Similarly, as an independent law enforcement organization, my office must have control over its own investigative files and other records. Under regulations promulgated by the Social Security Administration, only the SSA Freedom of Information Officer may determine whether or not an SSA record is released to the public—that includes investigative and other records of my office. While we have worked together with SSA to ensure the integrity of our records for the past six years without significant incident, we have not been able to convince SSA to amend the regulations to give the OIG final control over its own records. This is contrary to the OIG’s statutory independence and at odds with the practices of many Federal departments and agencies.

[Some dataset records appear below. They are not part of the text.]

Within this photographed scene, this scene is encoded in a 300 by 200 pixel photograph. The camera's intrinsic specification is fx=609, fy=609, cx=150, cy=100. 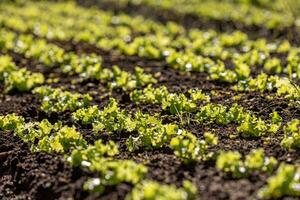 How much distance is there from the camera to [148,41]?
8883 millimetres

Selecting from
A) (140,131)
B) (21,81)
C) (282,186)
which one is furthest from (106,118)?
(282,186)

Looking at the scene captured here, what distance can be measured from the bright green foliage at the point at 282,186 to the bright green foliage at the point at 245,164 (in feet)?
0.95

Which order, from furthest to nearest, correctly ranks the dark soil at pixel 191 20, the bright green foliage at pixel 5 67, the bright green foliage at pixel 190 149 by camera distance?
the dark soil at pixel 191 20 → the bright green foliage at pixel 5 67 → the bright green foliage at pixel 190 149

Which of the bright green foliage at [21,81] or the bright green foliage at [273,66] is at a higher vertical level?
the bright green foliage at [273,66]

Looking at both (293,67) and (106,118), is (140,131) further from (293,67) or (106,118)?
(293,67)

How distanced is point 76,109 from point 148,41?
9.35 ft

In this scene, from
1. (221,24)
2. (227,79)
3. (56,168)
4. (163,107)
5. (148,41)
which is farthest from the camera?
(221,24)

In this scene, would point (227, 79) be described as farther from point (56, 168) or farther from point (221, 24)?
point (221, 24)

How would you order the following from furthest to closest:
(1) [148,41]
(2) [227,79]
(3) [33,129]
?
(1) [148,41] < (2) [227,79] < (3) [33,129]

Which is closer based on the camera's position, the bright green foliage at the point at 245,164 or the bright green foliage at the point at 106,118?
the bright green foliage at the point at 245,164

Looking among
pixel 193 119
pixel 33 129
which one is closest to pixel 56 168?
pixel 33 129

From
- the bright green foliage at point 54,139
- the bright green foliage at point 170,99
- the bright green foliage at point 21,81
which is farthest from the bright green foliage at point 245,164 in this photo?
the bright green foliage at point 21,81

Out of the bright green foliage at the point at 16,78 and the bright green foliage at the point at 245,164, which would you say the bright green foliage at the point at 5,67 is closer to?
the bright green foliage at the point at 16,78

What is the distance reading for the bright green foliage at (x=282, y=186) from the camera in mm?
3789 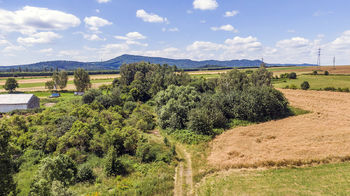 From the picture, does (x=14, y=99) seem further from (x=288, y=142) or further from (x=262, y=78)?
(x=262, y=78)

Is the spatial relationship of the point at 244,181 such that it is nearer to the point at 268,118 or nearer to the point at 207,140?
the point at 207,140

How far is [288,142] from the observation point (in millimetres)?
29250

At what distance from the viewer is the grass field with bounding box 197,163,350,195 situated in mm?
18078

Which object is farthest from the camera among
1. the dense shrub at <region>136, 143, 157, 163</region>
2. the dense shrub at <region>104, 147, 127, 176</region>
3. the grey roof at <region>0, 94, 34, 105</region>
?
the grey roof at <region>0, 94, 34, 105</region>

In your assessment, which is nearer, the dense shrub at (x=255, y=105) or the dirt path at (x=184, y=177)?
the dirt path at (x=184, y=177)

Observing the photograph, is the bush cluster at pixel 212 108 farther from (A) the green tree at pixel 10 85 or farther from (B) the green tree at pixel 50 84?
(A) the green tree at pixel 10 85

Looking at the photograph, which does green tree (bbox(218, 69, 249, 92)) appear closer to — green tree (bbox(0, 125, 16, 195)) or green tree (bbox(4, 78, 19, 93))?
green tree (bbox(0, 125, 16, 195))

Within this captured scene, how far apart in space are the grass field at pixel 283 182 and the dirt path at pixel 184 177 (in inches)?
54.3

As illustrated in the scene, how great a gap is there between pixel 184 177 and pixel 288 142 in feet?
61.4

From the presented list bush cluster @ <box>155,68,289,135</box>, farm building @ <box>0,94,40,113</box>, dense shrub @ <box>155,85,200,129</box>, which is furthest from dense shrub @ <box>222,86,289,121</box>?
farm building @ <box>0,94,40,113</box>

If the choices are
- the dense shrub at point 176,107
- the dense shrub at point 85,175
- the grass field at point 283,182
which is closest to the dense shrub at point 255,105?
the dense shrub at point 176,107

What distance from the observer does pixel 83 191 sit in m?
18.7

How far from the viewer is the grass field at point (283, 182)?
18.1 meters

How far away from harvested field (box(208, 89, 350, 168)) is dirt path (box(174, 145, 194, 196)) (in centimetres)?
341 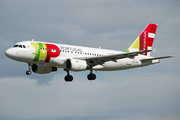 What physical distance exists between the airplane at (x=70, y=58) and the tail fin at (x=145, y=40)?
2.46 m

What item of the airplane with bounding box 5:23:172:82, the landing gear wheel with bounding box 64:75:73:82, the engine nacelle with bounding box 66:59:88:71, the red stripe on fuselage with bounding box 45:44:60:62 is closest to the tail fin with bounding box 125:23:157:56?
the airplane with bounding box 5:23:172:82

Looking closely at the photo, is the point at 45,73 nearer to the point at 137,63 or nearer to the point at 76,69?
the point at 76,69

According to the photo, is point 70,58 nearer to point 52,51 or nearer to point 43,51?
point 52,51

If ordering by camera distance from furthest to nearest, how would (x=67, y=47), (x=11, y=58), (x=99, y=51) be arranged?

Turning to the program area, judges and United States Attorneys’ Offices have expressed frustration with respect to the Trial Work Period provision of the Social Security Act. Under existing law, disability beneficiaries may return to work and continue to receive benefits while working for nine months or more. Designed to encourage rehabilitation, and in most cases accomplishing just that, the Trial Work Period becomes an unexpected jackpot for those individuals whose very receipt of benefits is fraudulent. Under current law, there is no way to avoid paying benefits during the Trial Work Period to unscrupulous beneficiaries who feigned their disability or concealed the fact that they were working. When caught, they are permitted to keep thousands of dollars in stolen benefits because of this loophole in the law. Prosecutors rightfully regard this with disdain and in some instances, refuse to prosecute such cases. That loophole must be closed.

We would also like to see judicial restitution authority added to the felony provisions of the Social Security Act. Under existing law, a Court may find an individual guilty of stealing Social Security benefits, but cannot, as part of that individual’s criminal sentence, order her to repay the benefits she has stolen.

Finally, our civil monetary penalty program has been highly successful. We have completed 66 successful cases under Section 1129 of the Social Security Act for making false statements in connection with benefit determinations, imposing over $2 million in penalties and assessments. We have penalized 8 companies under Section 1140 for using SSA’s good name in misleading advertising campaigns, imposing over $1.85 million in penalties. Both programs need a legislative boost. Under Section 1129, as I discussed earlier, we need authority to pursue representative payees for conversion—the current system allows far too many of them to fall through the cracks. We also need explicit authority to treat an omission of a material fact as if it were an affirmative false statement. And under Section 1140, two fixes are needed. First, we need to require any company that charges a fee for performing a service that SSA provides free of charge to conspicuously state this on their advertisements. And second, we would suggest a technical change to Section 1140 to ensure that the OIG has the critical tools and permanent authority to wipe out deceptive mailers who target SSA beneficiaries.

The Office of the Inspector General, the Social Security Administration, and the Congress have made enormous progress in combating fraud, waste, and abuse in the few years since SSA independence. Hearings such as this are evidence that more work remains to be done, and that we all remain committed to this critical mission. Thank you, and I’d be happy to address any questions.